=== Input data ===
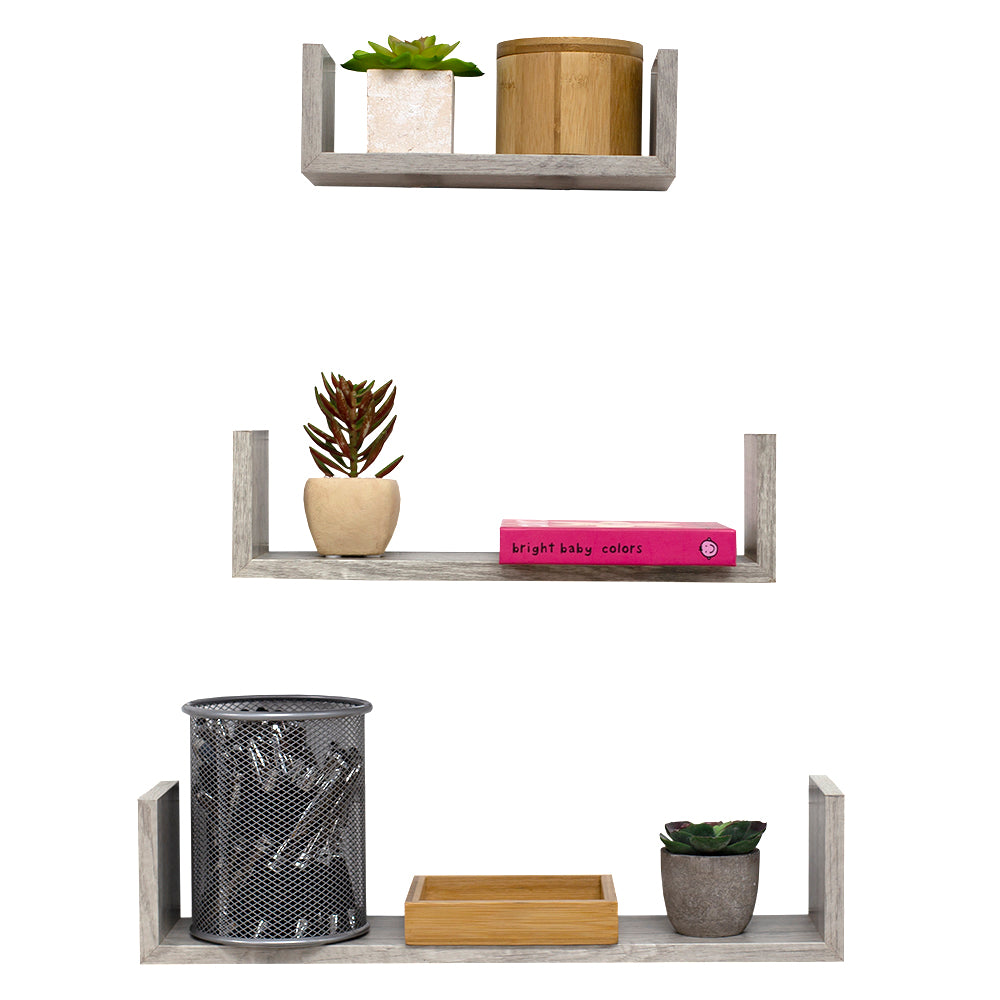 Home Basics Floating Wood Shelf, (Set of 3), Grey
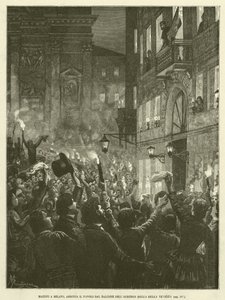 Mazzini i Milano, Arringa folket från balkongen på Albergo Della Bella Venezia (gravyr) av Italian School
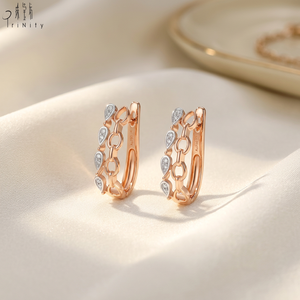 Tremendous Quality Manufacturer Export <b>Earrings</b> Jewelry <b>Fine</b> Jewelry 18K Solid Rose Gold Real Natural Diamond Hoop <b>Earrings</b> - Product Image 6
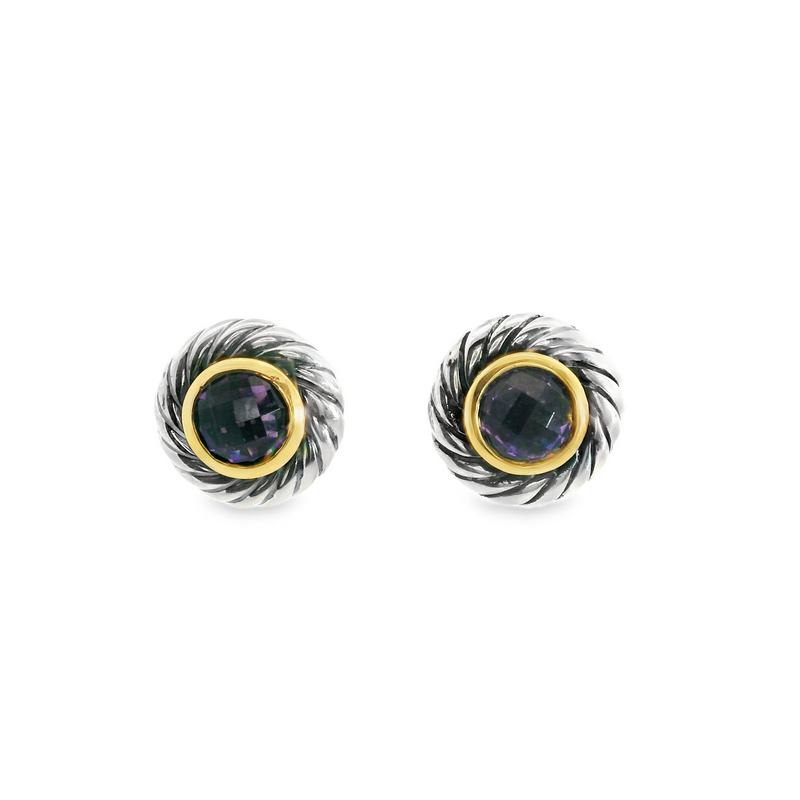 David Yurman Sterling Silver & 14K YG Amethyst Stud Earrings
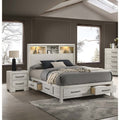 Contemporary Style 3Pc Bed 2X Nightstand Set Metal Handles Open Shelf Headboard Antique White Finis Bedroom Furniture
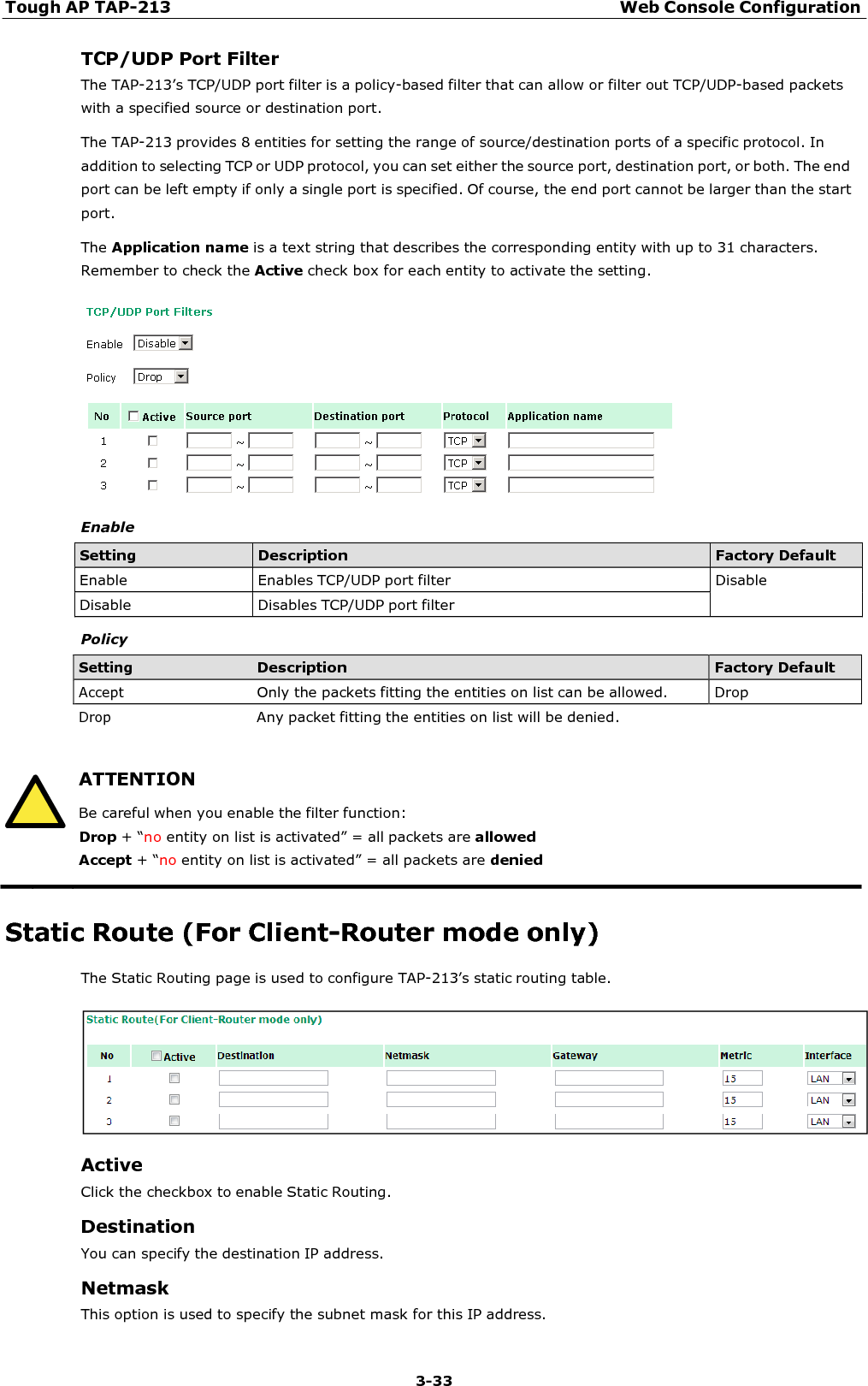 Tough AP TAP-213 Web Console Configuration 3-33    TCP/UDP Port Filter The TAP-213’s TCP/UDP port filter is a policy-based filter that can allow or filter out TCP/UDP-based packets with a specified source or destination port. The TAP-213 provides 8 entities for setting the range of source/destination ports of a specific protocol. In addition to selecting TCP or UDP protocol, you can set either the source port, destination port, or both. The end port can be left empty if only a single port is specified. Of course, the end port cannot be larger than the start port. The Application name is a text string that describes the corresponding entity with up to 31 characters. Remember to check the Active check box for each entity to activate the setting.    Enable  Setting Description Factory Default Enable  Enables TCP/UDP port filter  Disable Disable  Disables TCP/UDP port filter   Policy    Setting Description Factory Default   Accept Only the packets fitting the entities on list can be allowed.  Drop   Drop Any packet fitting the entities on list will be denied.   ATTENTION Be careful when you enable the filter function: Drop + “no entity on list is activated” = all packets are allowed Accept + “no entity on list is activated” = all packets are denied  Static Route (For Client-Router mode only) The Static Routing page is used to configure TAP-213’s static routing table.    Active Click the checkbox to enable Static Routing.  Destination You can specify the destination IP address.  Netmask This option is used to specify the subnet mask for this IP address. 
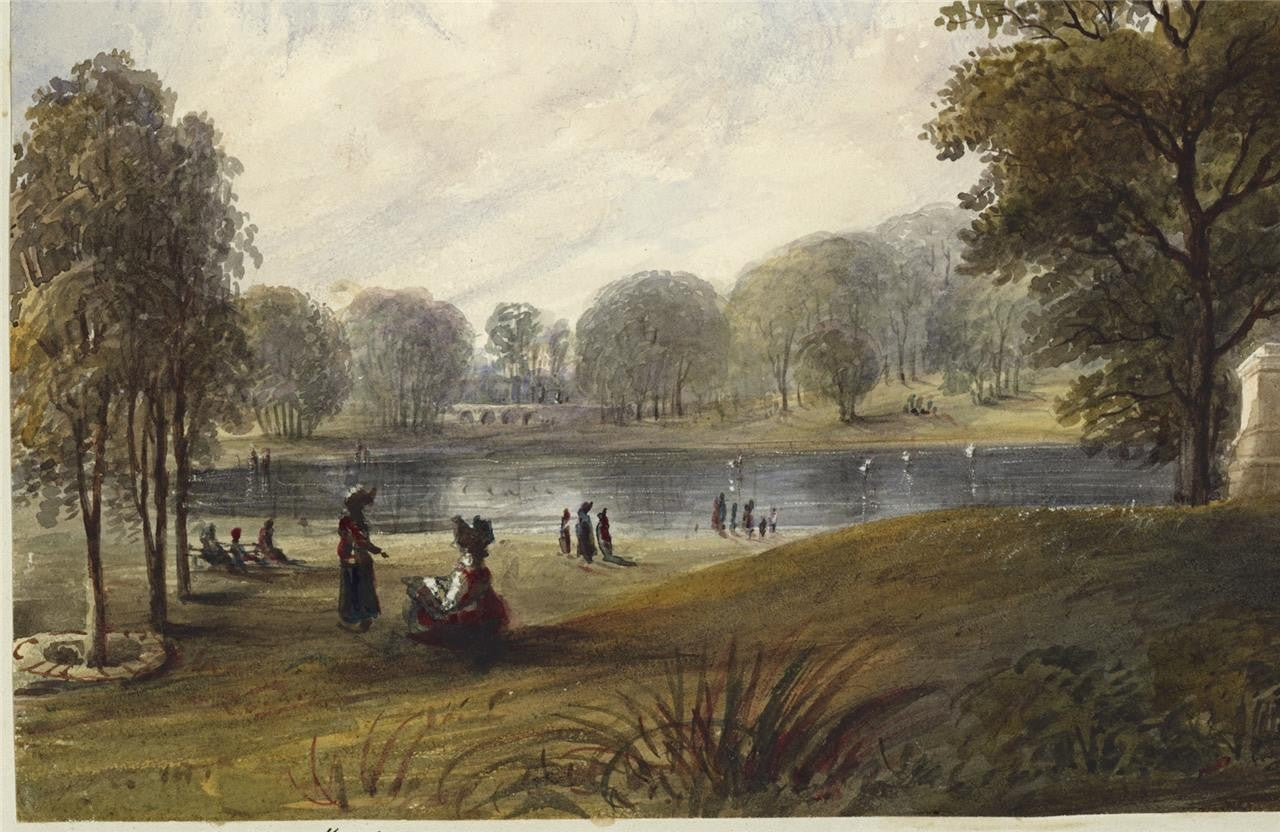 Mary Webster Watercolour Painting View From Kensington Bridge London 18382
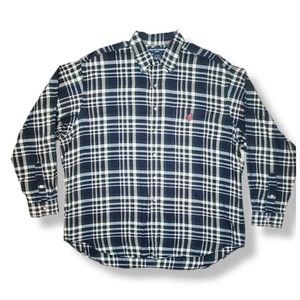 Vintage Ralph Lauren Men's Golf Shirt Size L  Large Tilden Plaid Long Sleeve USA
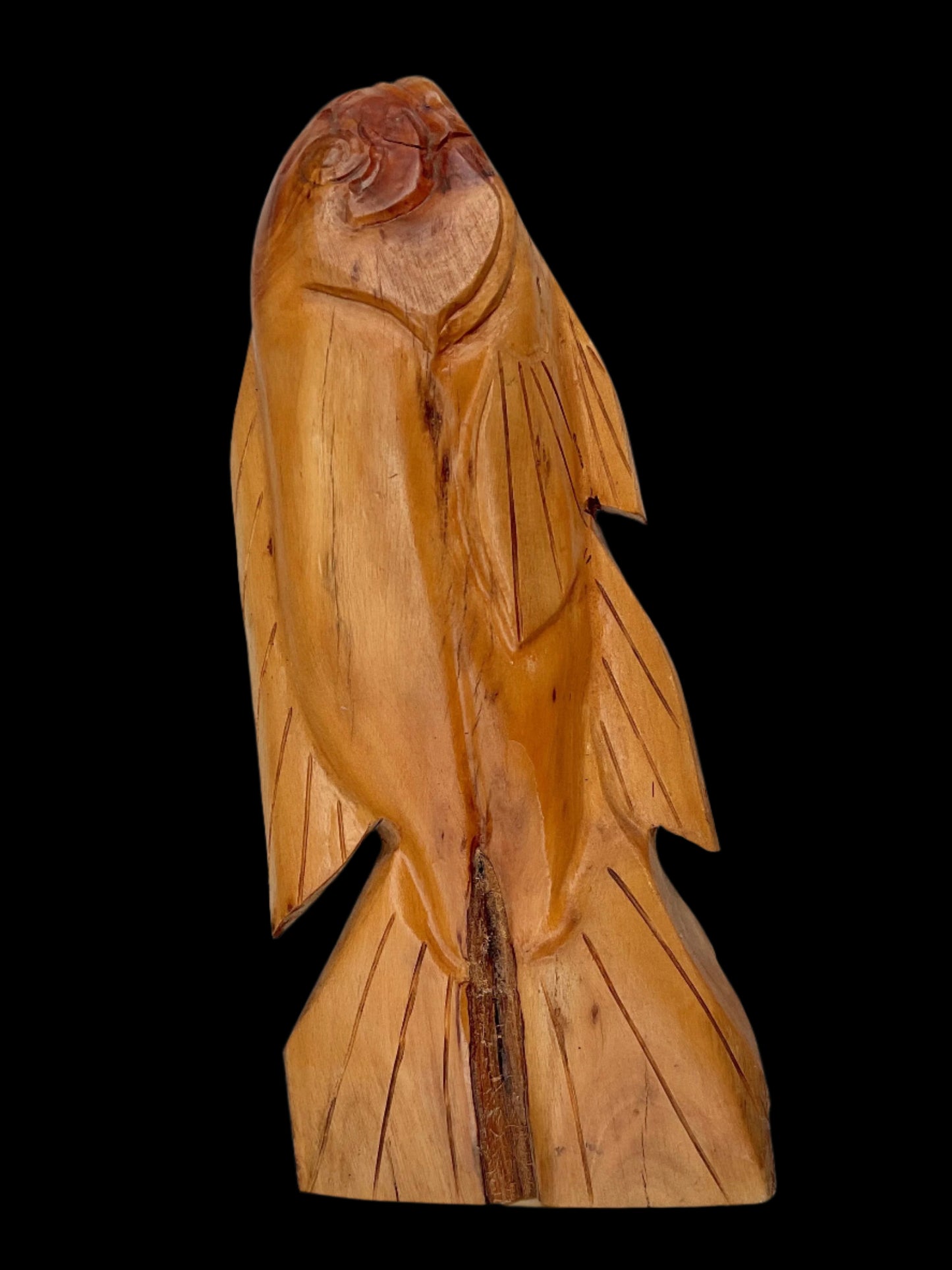 Hand Carved Wooden 3-Dimensional Fish Daniel Floyd Consignment Eucalyptus Totem (natural) : 12" 5" x 3"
===
### Exercise directions
Omit the pictures. Print, word for word, the lines from the beginning of the entries above through the line that holds "Contemporary Style 3Pc".

### Result
 Home Basics Floating Wood Shelf, (Set of 3), Grey
 Mazzini i Milano, Arringa folket från balkongen på Albergo Della Bella Venezia (gravyr) av Italian School
 Tremendous Quality Manufacturer Export <b>Earrings</b> Jewelry <b>Fine</b> Jewelry 18K Solid Rose Gold Real Natural Diamond Hoop <b>Earrings</b> - Product Image 6
 David Yurman Sterling Silver & 14K YG Amethyst Stud Earrings
 Contemporary Style 3Pc Bed 2X Nightstand Set Metal Handles Open Shelf Headboard Antique White Finis Bedroom Furniture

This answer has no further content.